Keep the German order and rename the sections in plain English. From top to bottom:

  • Personal details (contact information, and optionally a photo)
  • Profile, two or three lines
  • Professional Experience, reverse-chronological
  • Education
  • Skills
  • Languages
  • Optional: certifications or training, then place and date at the bottom if you keep that convention

Avoid leaving any German heading in by accident. A stray "Berufserfahrung" above an otherwise English CV looks unfinished.

Rewrite the bullets, do not translate them

This is where most English Lebensläufe slip. A German bullet translated word for word reads stiff. Rewrite for natural English and lead with the result. Compare these.

Literal translation: "Responsible for the realisation of the customer project in the area of logistics."

Rewritten: "Delivered a logistics platform for a retail client, cutting order processing time by a third in six months."

The second is not a closer translation. It is a different sentence built around action and outcome, which is how strong English CVs read.

Match the English keywords from the ad

Many German companies run CVs through applicant tracking software, and an English-language role uses English keywords. Read the ad, note the exact English terms for the must-have skills, and make sure those words appear in your CV where they are true. A tool like TalentVP can show whether your English wording actually matches the English job ad, and what a recruiter notices first.

Keep it ATS-readable

The same rules apply in any language. Clean single column, normal font, standard headings, no text trapped in images, and a PDF that parses. A designed two-column template breaks the parser whether the words are German or English.

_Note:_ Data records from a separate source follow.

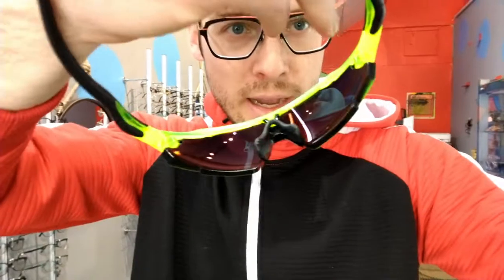Now, Oakley does prescription in these in a cutout, so you don't get the full lens. Basically, there's a cutout shape in the shield lens and then the prescription lens goes in there, about the size of like a normal pair of prescription glasses.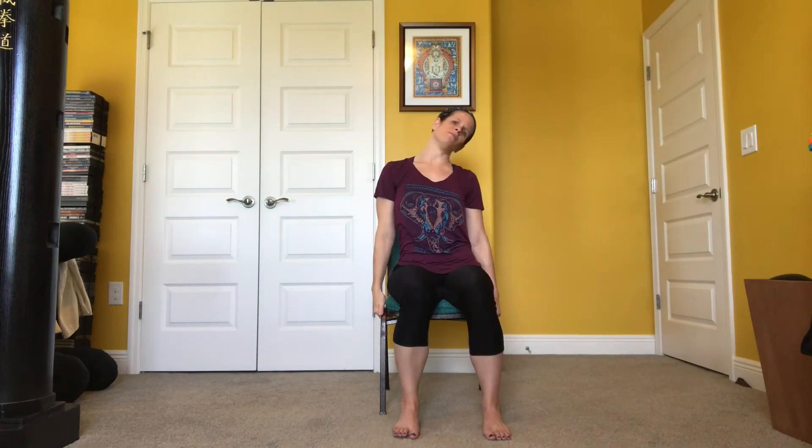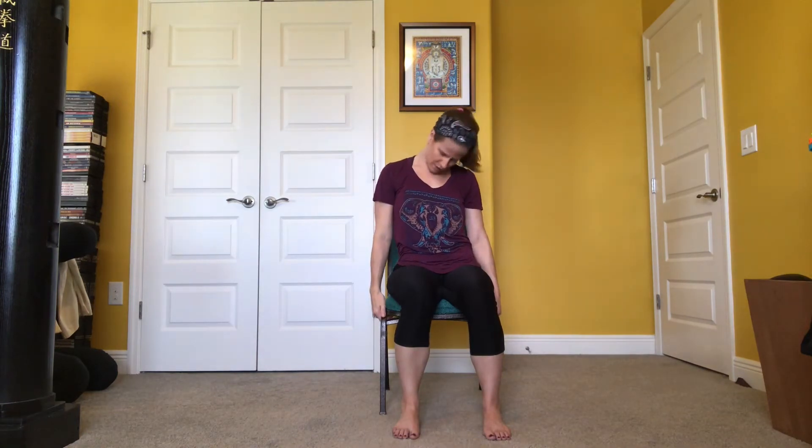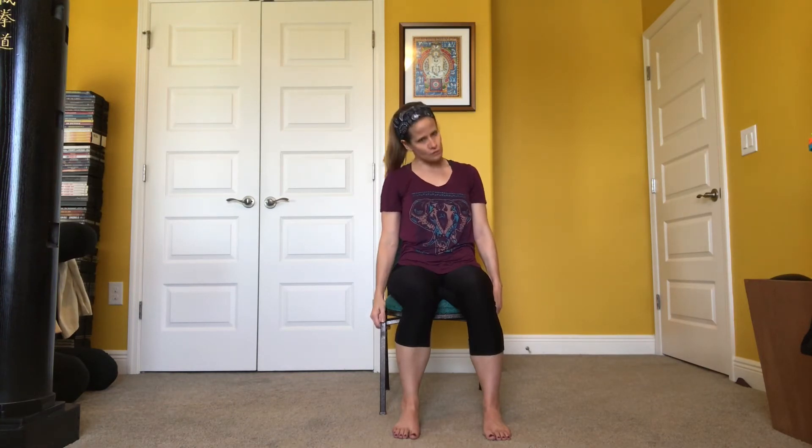Now let's introduce some neck circles. Slowly start to rock your head back and forth from right to left in the front of your body. When you hit one side, start to roll it to the back — we want to build up to full circles. Sometimes going right into a full neck circle is a little uncomfortable, so you might just need to do a few half circles, building up to one, two, or maybe three full circles eventually. You might hear some cracking and popping — that's perfectly normal. We all hold a lot of stress in our shoulders and neck, so when you hear that cracking and popping, you're releasing stress, tension, and tightness. Let's bring our neck back to center.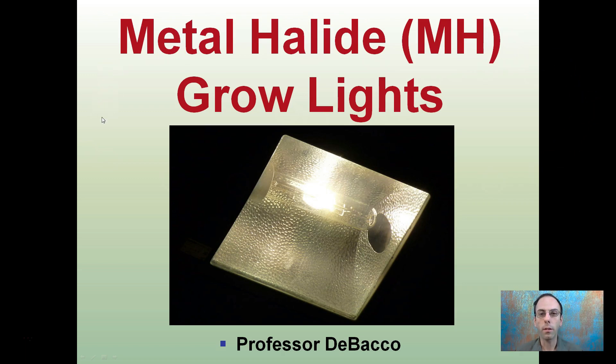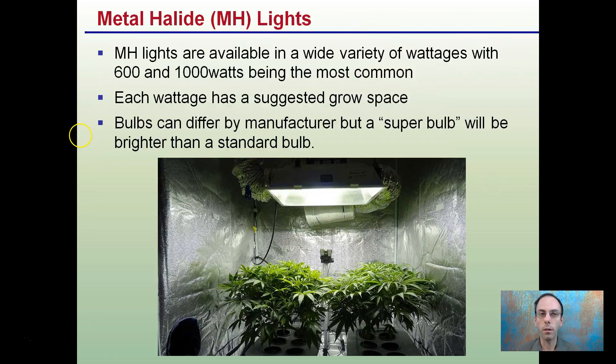Metal halide lights are being used less and less as the years go on. They are available in a wide variety of wattages, with 600 and 1,000 watts being the most common. Each wattage has a suggested grow space — typically 1,000 watts covers about a 5x5 area and 600 watts about a 4x4 area.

How Expectations Differ in Germany

If you are used to a US or UK resume, an English-language role in Germany does not mean a US document. The company works in English, but the hiring habits are still German: full dates, a complete timeline, a factual tone, and often a photo. Write English that a native reader would not flag, but keep the completeness a German recruiter expects. That combination is what an English Lebenslauf actually is.

You Cannot Hear Your Own Translation

After staring at your own draft, you stop noticing the sentences that read as translated. Ask a native English speaker to read three bullets aloud. If they stumble or rephrase as they go, those lines are still German underneath. Rewrite until they read as if first written in English.

Build It In Six Steps

  1. Start from the German structure, reverse-chronological with full dates and a complete timeline.
  2. Rename every section with a clear English label and remove any German heading.
  3. Rewrite each bullet in natural English, leading with action and outcome, not a literal translation.
  4. Mirror the exact English keywords from the job ad where they are true of you.
  5. Keep a clean single-column layout so the file parses, and decide on a photo by sector.
  6. Have a native speaker read it aloud, fix anything that reads as translated, then export to PDF.

A Few Questions People Always Ask

Should the CV be in German or English?

Match the ad. If the role and company operate in English, an English Lebenslauf is correct. If the ad is in German, send a German one.

Do I keep the German section names?

No. Use clear English labels. A mix of German headings and English content reads as unfinished.

Can I just run my German CV through a translator?

You can start there, but do not stop there. Machine translation keeps German sentence shapes that read stiff. Rewrite the bullets for natural English.

Do I still need full dates and a photo in English?

Full dates, yes, the completeness expectation does not change with language. A photo stays optional and decided by sector, exactly as in a German Lebenslauf.

The Short Version

An English Lebenslauf is a German CV written in natural English, not a translated German CV and not a US resume. Keep the structure, the full dates, and the complete timeline, then rewrite every line so it reads as if it was written in English from the start. Get both halves right and a recruiter sees a candidate who fits the role and understands the local norms.